The Artifice of Intelligence

Ever wonder why it’s called Artificial Intelligence?

Every day it seems there’s another article on artificial intelligence technologies. I’ve been reading about ChatGPT. It uses machine learning to find patterns of patterns in training data, mostly written by humans, to produce human-sounding prose in response to prompts. I recently experienced this secondhand from our son Stephen.

Stephen turns 36 today. He’s a public high school teacher—loves his kids, they love him. A few weeks ago he emailed ChatGPT asking it to recommend charitable projects that his National Honor Society students could organize in school. Stephen told me he received a reply in 15 seconds. It was a neatly laid out memo featuring eight ideas, all sounding like they were written by an intelligent human being. What’s so bad about that?

Nothing—unless you’re a dinosaur. C. S. Lewis introduced himself as one in his inaugural lecture at Cambridge in 1954. He meant he was a native of the medieval world, an age that he felt was becoming extinct, as dinosaurs had long ago. Because of this, Lewis recognized the Middle Ages defined “intelligence” and “artificial” differently than most do today.

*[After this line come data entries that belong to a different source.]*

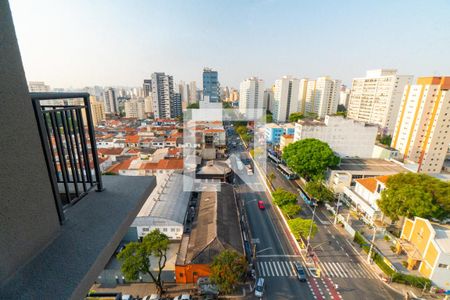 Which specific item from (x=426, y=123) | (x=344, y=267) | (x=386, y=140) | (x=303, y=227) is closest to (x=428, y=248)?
(x=344, y=267)

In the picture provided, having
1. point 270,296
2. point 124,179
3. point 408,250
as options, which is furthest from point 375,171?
point 124,179

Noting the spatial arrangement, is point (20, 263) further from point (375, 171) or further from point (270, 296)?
point (375, 171)

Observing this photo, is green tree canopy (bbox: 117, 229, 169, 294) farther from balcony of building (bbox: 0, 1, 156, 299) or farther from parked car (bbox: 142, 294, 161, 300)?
balcony of building (bbox: 0, 1, 156, 299)

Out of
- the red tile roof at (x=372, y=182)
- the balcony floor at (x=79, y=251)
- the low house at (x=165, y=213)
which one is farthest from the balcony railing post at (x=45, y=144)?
the red tile roof at (x=372, y=182)

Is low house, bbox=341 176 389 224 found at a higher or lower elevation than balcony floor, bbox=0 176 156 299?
lower

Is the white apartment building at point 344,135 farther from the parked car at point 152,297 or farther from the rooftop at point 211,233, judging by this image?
the parked car at point 152,297

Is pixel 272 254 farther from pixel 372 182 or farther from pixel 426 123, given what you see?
pixel 426 123

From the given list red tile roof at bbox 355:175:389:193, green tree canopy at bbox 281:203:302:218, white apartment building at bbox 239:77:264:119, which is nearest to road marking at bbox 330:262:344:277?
green tree canopy at bbox 281:203:302:218
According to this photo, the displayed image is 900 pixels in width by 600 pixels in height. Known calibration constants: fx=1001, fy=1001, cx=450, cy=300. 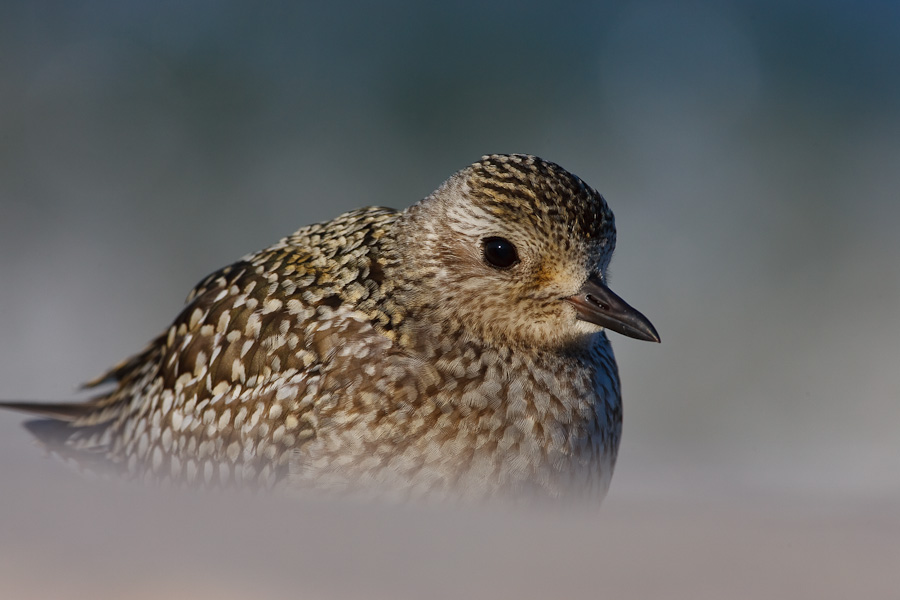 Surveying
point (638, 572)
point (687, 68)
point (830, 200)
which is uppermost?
point (687, 68)

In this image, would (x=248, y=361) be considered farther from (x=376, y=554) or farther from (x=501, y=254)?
(x=376, y=554)

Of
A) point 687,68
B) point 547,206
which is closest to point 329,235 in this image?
point 547,206

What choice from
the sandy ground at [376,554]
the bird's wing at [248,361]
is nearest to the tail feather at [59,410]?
the bird's wing at [248,361]

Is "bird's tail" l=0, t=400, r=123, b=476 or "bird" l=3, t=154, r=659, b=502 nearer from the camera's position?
"bird" l=3, t=154, r=659, b=502

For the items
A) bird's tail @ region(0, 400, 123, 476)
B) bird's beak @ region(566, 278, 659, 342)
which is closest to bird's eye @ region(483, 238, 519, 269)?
bird's beak @ region(566, 278, 659, 342)

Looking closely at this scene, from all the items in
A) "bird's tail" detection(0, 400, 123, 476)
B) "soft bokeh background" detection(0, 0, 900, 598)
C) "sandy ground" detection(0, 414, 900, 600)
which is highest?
"soft bokeh background" detection(0, 0, 900, 598)

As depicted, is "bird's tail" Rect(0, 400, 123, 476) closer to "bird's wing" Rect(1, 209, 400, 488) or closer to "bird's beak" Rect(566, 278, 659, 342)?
"bird's wing" Rect(1, 209, 400, 488)

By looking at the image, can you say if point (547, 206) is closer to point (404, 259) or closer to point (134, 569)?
point (404, 259) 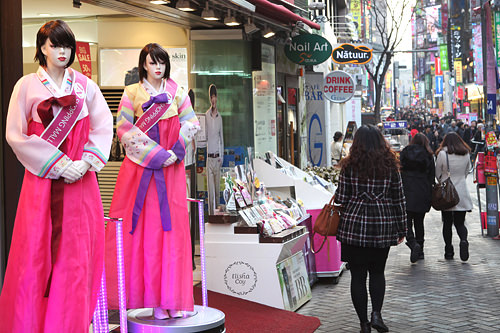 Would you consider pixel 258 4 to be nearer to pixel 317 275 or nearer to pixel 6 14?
pixel 317 275

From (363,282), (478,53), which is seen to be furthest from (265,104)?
(478,53)

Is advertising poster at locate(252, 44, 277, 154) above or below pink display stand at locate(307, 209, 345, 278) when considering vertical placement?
above

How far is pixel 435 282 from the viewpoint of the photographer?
9164 millimetres

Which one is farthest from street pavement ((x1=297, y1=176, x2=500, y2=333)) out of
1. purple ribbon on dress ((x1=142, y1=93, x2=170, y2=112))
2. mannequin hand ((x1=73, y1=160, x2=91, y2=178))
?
mannequin hand ((x1=73, y1=160, x2=91, y2=178))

The term intelligence comes from the Latin intellectus, meaning to comprehend or perceive. In the Middle Ages, it was “understanding in which truth offers itself like a landscape.”[1] Genuine truth unfolds naturally, gradually over days, weeks, months, even years. The Truth must dazzle gradually / Or every man be blind. Blind to what? To God as the source of wisdom and understanding in which truth offers itself gradually through contemplation.

A contemplative life is necessary for we cannot know God the way we know anything else. He is infinite, everything else is finite. The degree of difference between the two is, well, infinite. Knowing God’s infinite truth requires contemplation which is patient and passive. It doesn’t come by typing a request that algorithms immediately spit out in human-sounding prose. That’s called artificial intelligence, or, in this case, the artifice of intelligence.

The term “artificial” come from the Latin artificium, meaning “handicraft,” something made by human beings rather than occurring naturally. That can be good or bad. Robotic surgery is a good A.I. technology. Artificial Intelligence technologies are bad when they become an artifice, which means contrived or false. The artifice of intelligence makes people “see only what new technologies can do and are incapable of imagining what they will undo.”[2] My sense is wisdom is being undone, reminiscent of T. S. Eliot’s fear: “Where is the wisdom we have lost in knowledge? Where is the knowledge we have lost in information?”

This is what Dinosaurs fear. They feel ChatGPT raises the odds of students cheating on their homework. They feel DALL-E 2, an A.I. technology that lets you create digital images simply by describing what you want to see can become generators of false images. They appreciate how GPT-3, an A.I. language system, can write, argue and code. But dinosaurs fear GPT-3’s implications for the future could be profound.

I don’t know how many of Stephen’s students will sense this. The latest Pew study shows the decline of Christianity and rise of religious “nones” continues, especially among young people where it appears to be accelerating. The damage is that “nones” will find it increasingly difficult to imagine natural intelligence is wisdom coming from a Real Person, God. You kidding me? Dinosaurs like Lewis and Eliot were not kidding.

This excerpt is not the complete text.